You give Sia a budget and it does a pay-as-you-go with the budget. You can set how long you want the contracts to last, by default it's 3 months. That means you budget for 3 months of storage, and then you don't need to pay into Sia again for 3 months.
Anything that you paid for but didn't use will be refunded in full at the end of the 3 months.
Right now Sia does not support filesharing of any kind, however that's in the mid-term (6-12 months) roadmap.
There are a lot of details such as finding servers with available space, paying for storage, posting bonds, collecting bonds with fraud proofs, and doing all of that in a decentralized way. You pretty much need a blockchain for the decentralization.
> that just syncs other people's stuff instead of yours and pays you monthly.
with VC money? with a fickle settlement system that requires 5 layers of financial institutions before you get a REST API? where you probably still need 50+ money services licenses and compliance department anyway? where any of those financial institutions can still cut you off for any reason? to maintain operations in a single country?
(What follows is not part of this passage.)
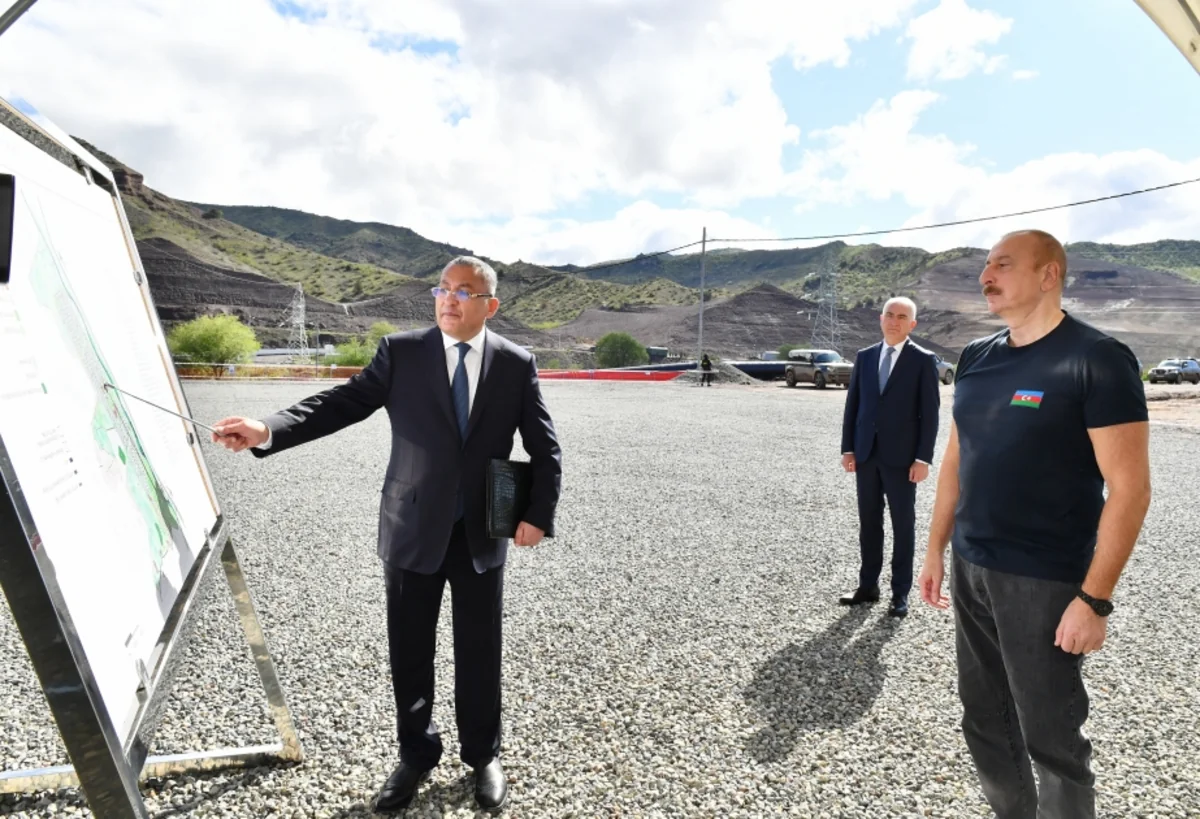 President Ilham Aliyev visits Lachin and Gubadli districts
why do all that when you can just print money, or more accurately create a scarce digital asset of value to the market you create, available internationally on day one
you don't have to agree with it, but the pendulum has swung waaay in this other direction and thats the answer for "why" before you even get into the implementation that the founder wrote.
So exhausting watching people argue that trust is no longer necessary when they're simply pushing the trust around. You have to trust someone at the end of the day, and it's more practical to use the law to trust them (and enforce that trust) than cryptography.
If I want to decentralize my storage, I would replicate data between multiple cloud object stores (Backblaze, S3, Wasabi, etc, a library to abstract PUTs and GETs) and pay them for their service. I trust them, but can verify each is holding up their end of their commercial agreement (similar to RAID block scans, but with object hash verifications). They aren't randomly going to yank their storage node of the network like a home NAS device or other consumer level storage device, because it's their business to be available.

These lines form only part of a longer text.